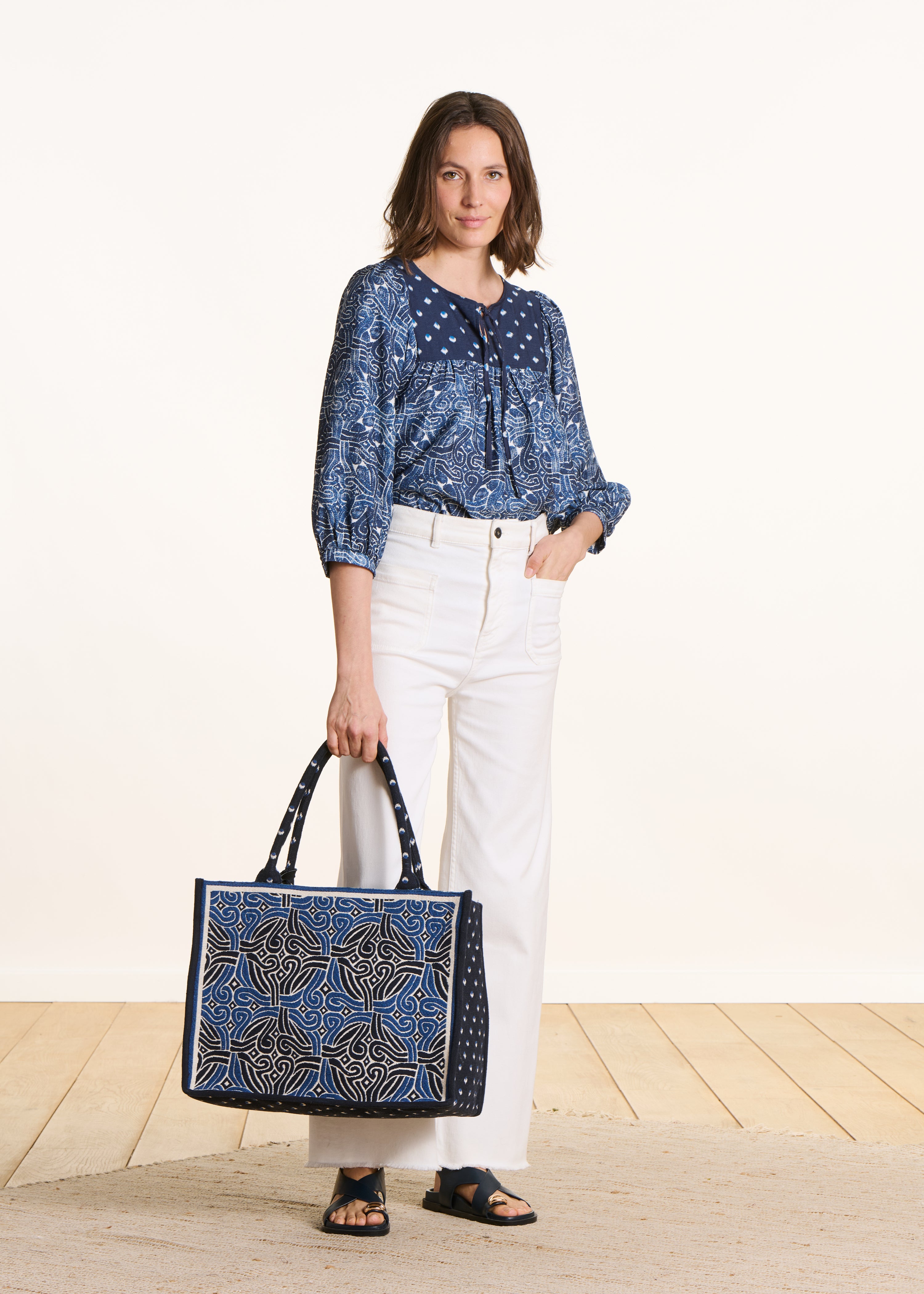la-f-e-marabout-e-fetard-shopper-blau-jacquard image 3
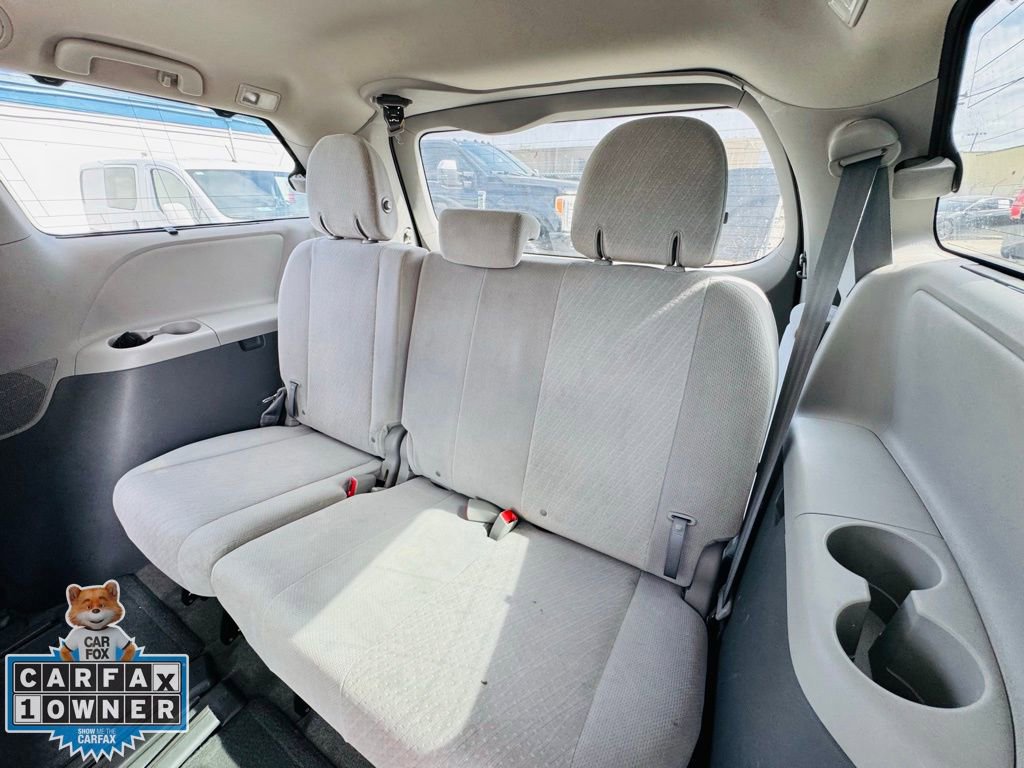 Used 2015 Toyota Sienna LE image 13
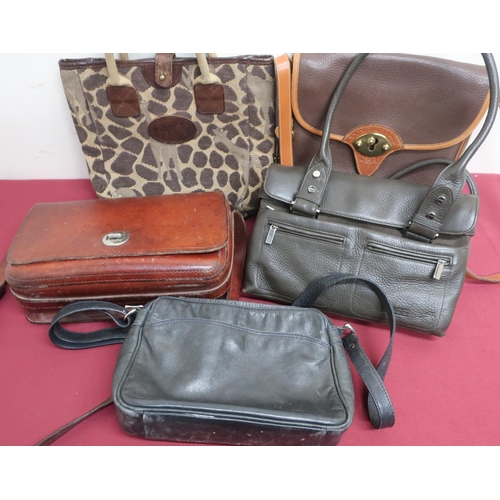 44 - Collection of ladies leather handbags by A. D Mackenzie, Dooney & Bourke, Liz Cox etc (5)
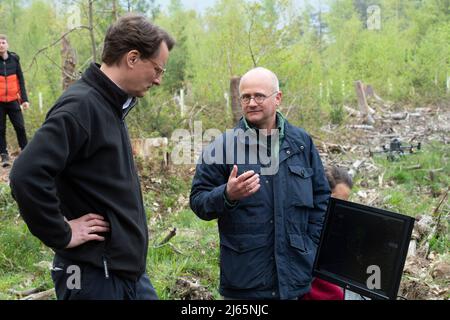 Bonn, Germania. 26th aprile 2022. Da destra: Il Prof. Dr. Alexander Asteroth, Bonn Rhein Sieg University of Applied Sciences, presenta il suo programma per la registrazione dei danni alla foresta causati dai droni, Hendrik WUEST, Wust, CDU, primo Ministro del Nord Reno-Westfalia, primo Ministro Henrik WUEST in una visita al Kottenforst sulla situazione e il futuro della foresta, credito: dpa/Alamy Live News Foto Stock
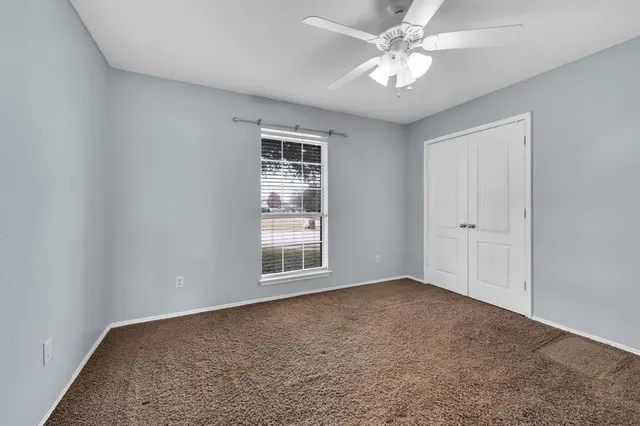 $355,000 | 930 High Knoll Drive, Midlothian, TX 76065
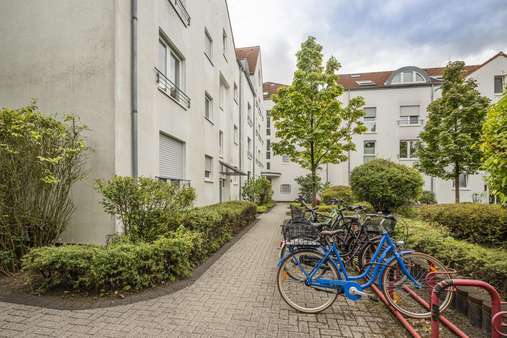 Gepflegte Außenbereiche Gepflegte Außenbereiche - Etagenwohnung in 41539 Dormagen mit 72m² kaufen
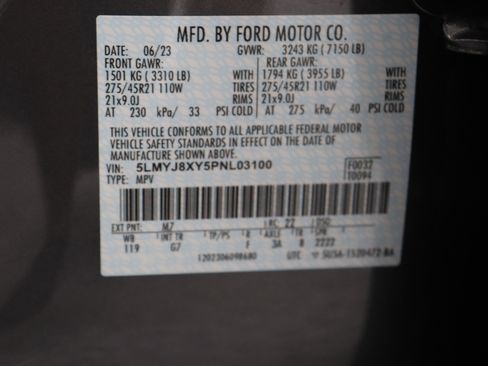 Used 2023 Lincoln Aviator Grand Touring w/ Equipment Group 301A AWD/4WD image 48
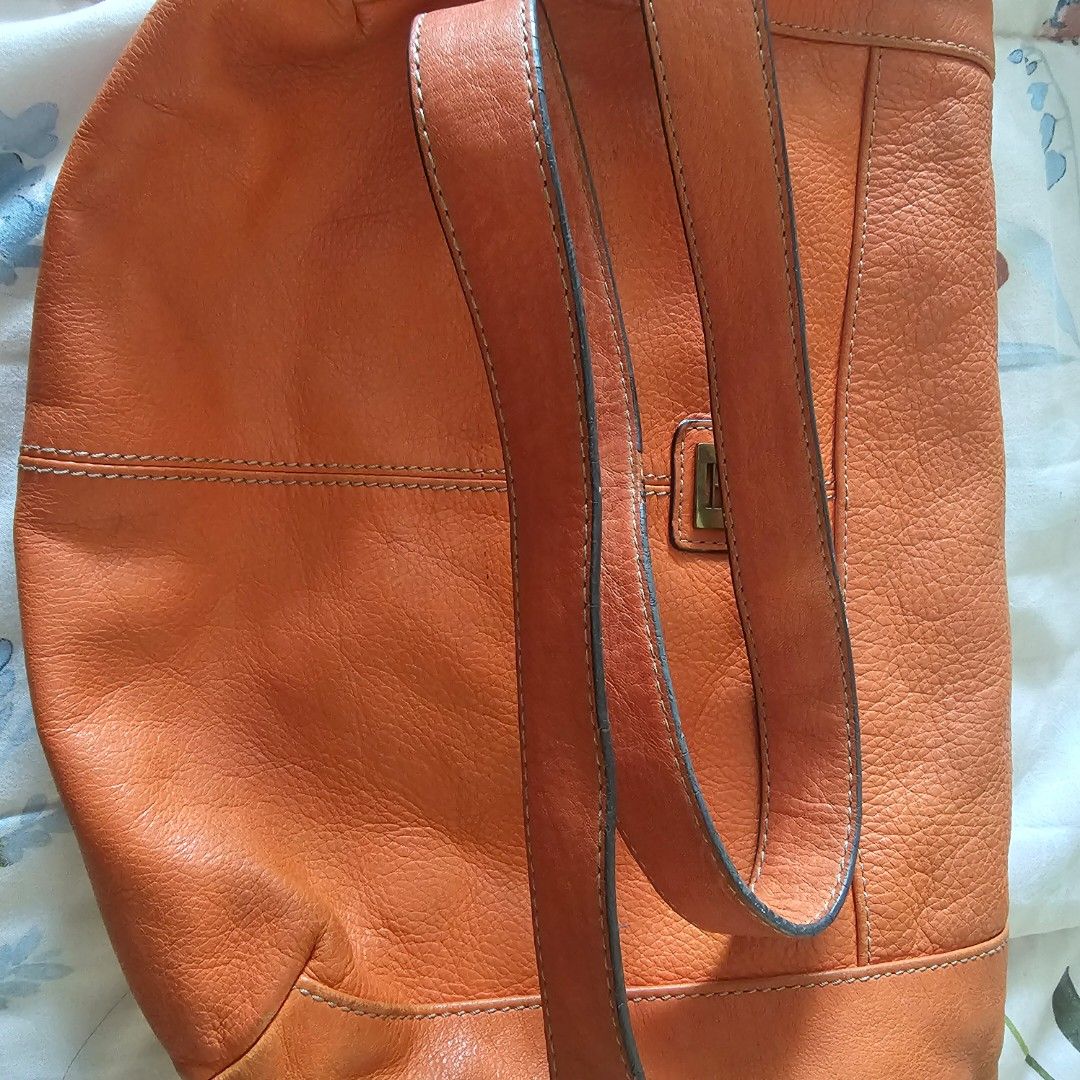 Tommy ross body bag (Category: Cross-body Bags) located in Mandaluyong City. Submitted by blueberrypatch (Listing ID 1386238895, Image 2). Description: tommy hilfiger cross body bag condition:well used. color: rust orange signs of usage flaws: little but very minimal stripping on the strap. need cleaning 8/10.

_Required action_. Transcribe the full listing above exactly, with the images removed.

_Response area_.
la-f-e-marabout-e-fetard-shopper-blau-jacquard image 3
 Used 2015 Toyota Sienna LE image 13
 44 - Collection of ladies leather handbags by A. D Mackenzie, Dooney & Bourke, Liz Cox etc (5)
 Bonn, Germania. 26th aprile 2022. Da destra: Il Prof. Dr. Alexander Asteroth, Bonn Rhein Sieg University of Applied Sciences, presenta il suo programma per la registrazione dei danni alla foresta causati dai droni, Hendrik WUEST, Wust, CDU, primo Ministro del Nord Reno-Westfalia, primo Ministro Henrik WUEST in una visita al Kottenforst sulla situazione e il futuro della foresta, credito: dpa/Alamy Live News Foto Stock
 $355,000 | 930 High Knoll Drive, Midlothian, TX 76065
 Gepflegte Außenbereiche Gepflegte Außenbereiche - Etagenwohnung in 41539 Dormagen mit 72m² kaufen
 Used 2023 Lincoln Aviator Grand Touring w/ Equipment Group 301A AWD/4WD image 48
 Tommy ross body bag (Category: Cross-body Bags) located in Mandaluyong City. Submitted by blueberrypatch (Listing ID 1386238895, Image 2). Description: tommy hilfiger cross body bag condition:well used. color: rust orange signs of usage flaws: little but very minimal stripping on the strap. need cleaning 8/10.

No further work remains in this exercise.